Five months till the next Rencontres d'Arles. This event is one of my great moments of the year. 2008 was curated by Christian Lacroix. He did a great job, and managed to get some inspiring, amazing, worth to visit expositions.
My wife and I started our visit to Avedon's 'Mr and Mrs Comfort'. These picture's (Avedon made this series of pictures to protest the fashion industry in 1995, published in The Newyorker) are more than 20 year old and still stand. The expression in the skeleton and the interaction with the model Nadja Auermann.
We stayed as long as we could in the Cloitre Saint-Throphine and saw the prints 3 times. I hope (and work for it) that one day we can realise such a production and, who knows, show it in Arles (one may be ambitious ;-).
On our way to the press center we stopped for a guy getting out of a car. This guy was nicely dressed and greated a couple. When we passed by I thought, this has to be a photographer. But then, we are in Arles and there must be more than 10.000 photographers there.
The next day we attended the press conference on fashion photography. The nicely dressed Photographer was Paolo Roversi I learned. He had a nice expo in Eglise Saint-Anne.
Friday evening we attended Mano a Mano. A debate between two icons of photographery (Peter Lindbergh and Paolo Roversi) accompanied by a projection of 2 decades of photography. Amazing! The morning after Mano a Mano, our second press conference. It was more serious than the evening debate. It was also more emotional and showed the persons behind the camera, the way they work and interact with models. After the press conference my wife had a chat with Peter Linbergh. These short interactions are thing one talks about for hours. The many words said, the way they are said, the impact they have on your way of seeing and working.
1km out of the city center you have 'parc des ateliers'. Some 20 tot 30 different expositions are shown there. The mega and splendid work of Tim Walker, and the discovery of Grégoire Alexandre (some one we will be seeing a lot of in the future), were highlights of the day. I also need to mention Grégoire Korganow. He had two expositions. One on fashion behind the scenes (which I liked most) and one on the people left behing when a partner is in prison. I found the photographs not so special, but. But Grégoire also told us the story behind. It was very, very very emotional. Sometimes he couldn't find his words and tears came on almost all faces. This is also what photography is all about. The story, the emotion. Listen to James Nachtway on TED if you want to be moved.
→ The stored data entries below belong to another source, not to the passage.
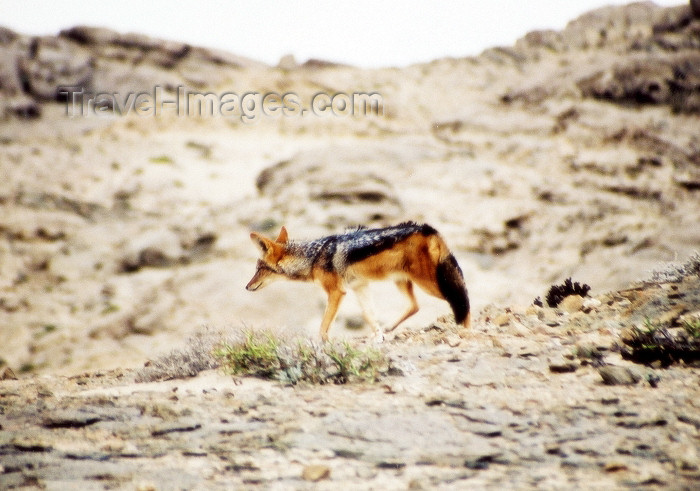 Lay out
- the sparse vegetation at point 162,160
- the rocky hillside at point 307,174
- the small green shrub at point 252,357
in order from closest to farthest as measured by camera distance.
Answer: the small green shrub at point 252,357 → the rocky hillside at point 307,174 → the sparse vegetation at point 162,160

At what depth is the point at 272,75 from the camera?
3422 centimetres

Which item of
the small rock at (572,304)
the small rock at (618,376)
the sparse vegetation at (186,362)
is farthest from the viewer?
the small rock at (572,304)

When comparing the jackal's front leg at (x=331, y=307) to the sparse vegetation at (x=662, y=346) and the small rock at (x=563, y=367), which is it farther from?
the sparse vegetation at (x=662, y=346)

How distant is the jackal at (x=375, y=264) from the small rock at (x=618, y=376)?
2270 millimetres

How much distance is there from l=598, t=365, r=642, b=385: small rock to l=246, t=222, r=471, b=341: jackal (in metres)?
2.27

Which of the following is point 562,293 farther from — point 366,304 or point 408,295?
point 366,304

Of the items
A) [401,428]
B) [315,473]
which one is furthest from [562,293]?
[315,473]

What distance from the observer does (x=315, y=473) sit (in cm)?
363

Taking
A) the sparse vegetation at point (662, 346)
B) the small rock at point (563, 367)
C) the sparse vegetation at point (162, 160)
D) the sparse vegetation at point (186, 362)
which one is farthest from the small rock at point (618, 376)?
the sparse vegetation at point (162, 160)

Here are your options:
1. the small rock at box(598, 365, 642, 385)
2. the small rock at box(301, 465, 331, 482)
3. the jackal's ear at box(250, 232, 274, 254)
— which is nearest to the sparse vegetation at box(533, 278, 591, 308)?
the small rock at box(598, 365, 642, 385)

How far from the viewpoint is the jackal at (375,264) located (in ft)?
23.2

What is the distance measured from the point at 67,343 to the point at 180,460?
1571cm

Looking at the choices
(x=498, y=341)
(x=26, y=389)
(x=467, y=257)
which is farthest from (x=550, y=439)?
(x=467, y=257)

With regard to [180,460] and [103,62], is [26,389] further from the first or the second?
[103,62] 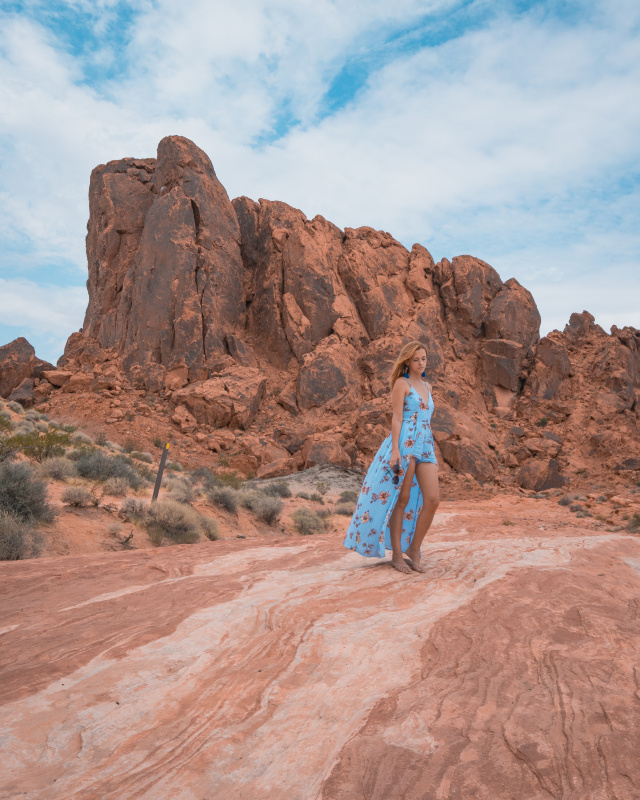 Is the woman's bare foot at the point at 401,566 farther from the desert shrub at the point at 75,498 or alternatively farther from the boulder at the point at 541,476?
the boulder at the point at 541,476

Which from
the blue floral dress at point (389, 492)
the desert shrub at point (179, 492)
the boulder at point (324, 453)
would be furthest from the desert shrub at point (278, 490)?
the blue floral dress at point (389, 492)

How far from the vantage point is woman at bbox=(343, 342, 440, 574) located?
4.55 meters

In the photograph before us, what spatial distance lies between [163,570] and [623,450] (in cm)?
2599

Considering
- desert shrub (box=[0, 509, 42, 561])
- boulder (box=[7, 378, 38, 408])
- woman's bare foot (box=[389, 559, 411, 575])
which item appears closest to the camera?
woman's bare foot (box=[389, 559, 411, 575])

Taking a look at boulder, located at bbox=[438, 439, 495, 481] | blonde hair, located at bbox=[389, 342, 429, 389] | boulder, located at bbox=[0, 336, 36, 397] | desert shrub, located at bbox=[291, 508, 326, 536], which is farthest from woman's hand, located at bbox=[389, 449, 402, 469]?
boulder, located at bbox=[0, 336, 36, 397]

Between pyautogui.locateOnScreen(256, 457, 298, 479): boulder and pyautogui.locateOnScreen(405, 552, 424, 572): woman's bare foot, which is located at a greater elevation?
pyautogui.locateOnScreen(405, 552, 424, 572): woman's bare foot

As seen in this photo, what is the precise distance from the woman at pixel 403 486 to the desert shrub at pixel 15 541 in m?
3.65

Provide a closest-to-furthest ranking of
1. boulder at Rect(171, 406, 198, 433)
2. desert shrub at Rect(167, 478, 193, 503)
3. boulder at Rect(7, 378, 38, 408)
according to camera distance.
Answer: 1. desert shrub at Rect(167, 478, 193, 503)
2. boulder at Rect(171, 406, 198, 433)
3. boulder at Rect(7, 378, 38, 408)

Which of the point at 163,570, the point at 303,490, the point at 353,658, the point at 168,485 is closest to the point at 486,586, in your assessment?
the point at 353,658

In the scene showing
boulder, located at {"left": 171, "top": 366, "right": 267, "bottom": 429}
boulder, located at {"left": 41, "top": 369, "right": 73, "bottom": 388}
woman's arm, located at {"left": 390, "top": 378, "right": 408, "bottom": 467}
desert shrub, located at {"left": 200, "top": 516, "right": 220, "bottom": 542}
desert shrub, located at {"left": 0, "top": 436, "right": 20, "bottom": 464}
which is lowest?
desert shrub, located at {"left": 200, "top": 516, "right": 220, "bottom": 542}

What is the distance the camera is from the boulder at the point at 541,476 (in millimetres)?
23422

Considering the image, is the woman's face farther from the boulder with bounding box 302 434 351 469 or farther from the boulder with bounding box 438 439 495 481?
the boulder with bounding box 438 439 495 481

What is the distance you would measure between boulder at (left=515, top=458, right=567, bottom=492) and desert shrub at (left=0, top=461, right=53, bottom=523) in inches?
807

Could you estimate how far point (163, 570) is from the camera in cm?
466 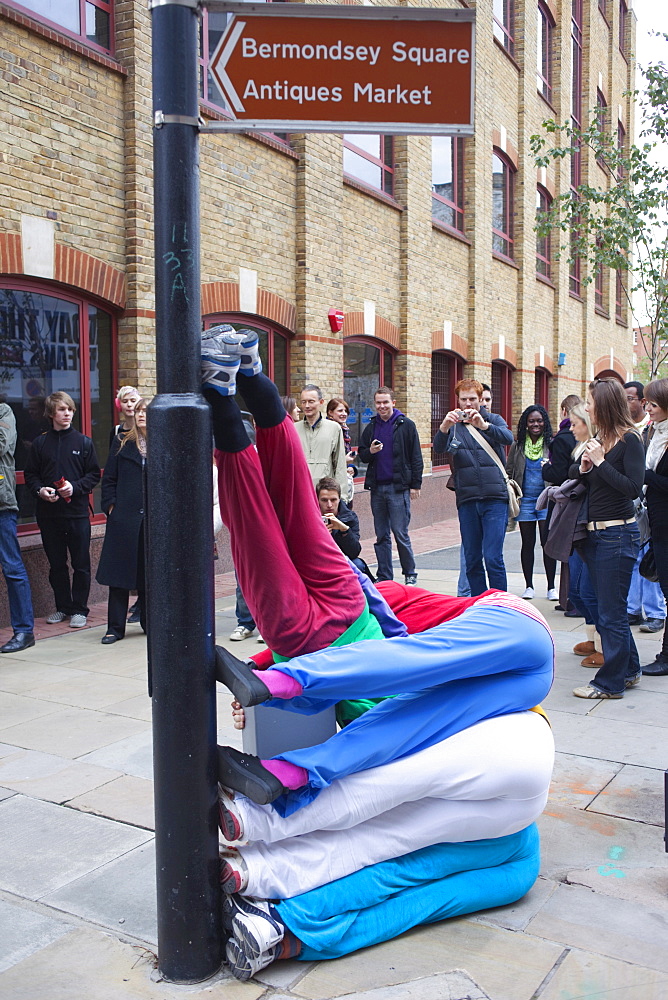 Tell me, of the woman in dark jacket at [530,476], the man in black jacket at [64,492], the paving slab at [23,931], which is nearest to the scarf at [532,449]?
the woman in dark jacket at [530,476]

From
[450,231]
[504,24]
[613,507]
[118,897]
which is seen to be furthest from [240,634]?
[504,24]

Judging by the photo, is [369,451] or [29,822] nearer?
[29,822]

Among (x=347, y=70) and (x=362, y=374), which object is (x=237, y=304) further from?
(x=347, y=70)

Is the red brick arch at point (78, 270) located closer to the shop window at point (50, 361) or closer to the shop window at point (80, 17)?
the shop window at point (50, 361)

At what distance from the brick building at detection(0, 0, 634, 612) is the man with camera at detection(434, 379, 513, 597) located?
318 cm

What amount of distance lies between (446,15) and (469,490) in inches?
204

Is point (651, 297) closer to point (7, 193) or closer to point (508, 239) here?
point (508, 239)

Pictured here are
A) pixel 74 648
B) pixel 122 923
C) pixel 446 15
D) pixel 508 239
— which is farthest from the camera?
pixel 508 239

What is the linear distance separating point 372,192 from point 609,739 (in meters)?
10.4

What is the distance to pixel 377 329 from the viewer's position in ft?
45.4

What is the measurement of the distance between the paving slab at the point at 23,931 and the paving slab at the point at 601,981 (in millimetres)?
1562

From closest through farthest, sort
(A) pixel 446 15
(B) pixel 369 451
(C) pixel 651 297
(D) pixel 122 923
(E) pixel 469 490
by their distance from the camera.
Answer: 1. (A) pixel 446 15
2. (D) pixel 122 923
3. (E) pixel 469 490
4. (B) pixel 369 451
5. (C) pixel 651 297

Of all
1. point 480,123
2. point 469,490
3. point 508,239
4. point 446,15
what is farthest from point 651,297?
point 446,15

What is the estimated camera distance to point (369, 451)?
382 inches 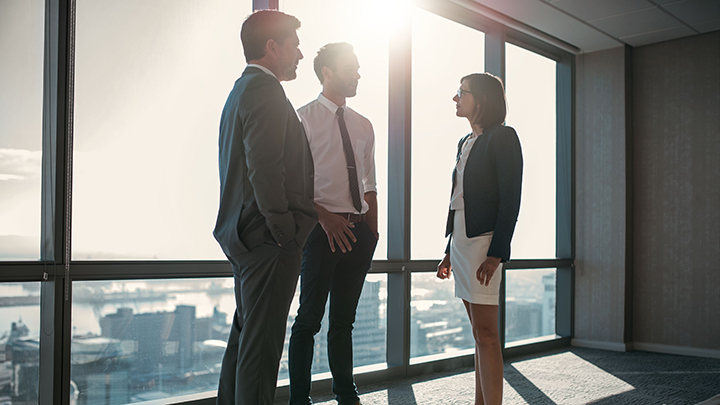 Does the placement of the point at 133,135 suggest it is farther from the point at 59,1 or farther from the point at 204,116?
the point at 59,1

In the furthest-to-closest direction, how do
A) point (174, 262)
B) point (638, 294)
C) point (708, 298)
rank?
point (638, 294) → point (708, 298) → point (174, 262)

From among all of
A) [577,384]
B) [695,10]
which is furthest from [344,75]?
[695,10]

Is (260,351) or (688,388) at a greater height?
(260,351)

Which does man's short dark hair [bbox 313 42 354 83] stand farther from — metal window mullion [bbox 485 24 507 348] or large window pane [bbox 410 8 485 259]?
metal window mullion [bbox 485 24 507 348]

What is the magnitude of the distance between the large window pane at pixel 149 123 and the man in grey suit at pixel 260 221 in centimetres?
86

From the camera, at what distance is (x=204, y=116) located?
111 inches

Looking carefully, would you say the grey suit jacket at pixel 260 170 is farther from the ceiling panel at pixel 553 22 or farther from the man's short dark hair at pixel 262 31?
the ceiling panel at pixel 553 22

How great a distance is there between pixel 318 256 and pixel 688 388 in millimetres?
2427

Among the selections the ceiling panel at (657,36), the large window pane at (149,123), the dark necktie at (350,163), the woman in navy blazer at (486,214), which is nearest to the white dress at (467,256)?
the woman in navy blazer at (486,214)

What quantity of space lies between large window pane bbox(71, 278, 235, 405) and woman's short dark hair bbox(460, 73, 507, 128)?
1469 millimetres

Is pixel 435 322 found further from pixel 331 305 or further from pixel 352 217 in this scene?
pixel 352 217

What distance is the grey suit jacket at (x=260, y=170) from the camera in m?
1.75

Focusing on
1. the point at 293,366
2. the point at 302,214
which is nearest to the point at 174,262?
the point at 293,366

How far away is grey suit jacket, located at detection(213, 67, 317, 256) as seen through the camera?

Also in 'parc des ateliers' was Pierre Gonnord. He showed large portraits that talked without saying anything.
Back in the city center we also found the self portrait of Lea Crespi.
What makes Arles so special? Well, everything is Photography during that week at the beginning of July. It is photography in streets, restaurants, bars, public places and historic sites, everrywhere. In one of those restaurants we saw Torros. A series of pictures taken by Michael Crouser on bull fighting.
Arles is also a meeting place of all sorts of people. We talked with publishers, looked at portfolios, bumped into a Japanees and started talking Lensbabies in the middle of the street and exhanging ideas.
I'm anxious to know what 2009 will bring. 5 month and Arles here we come.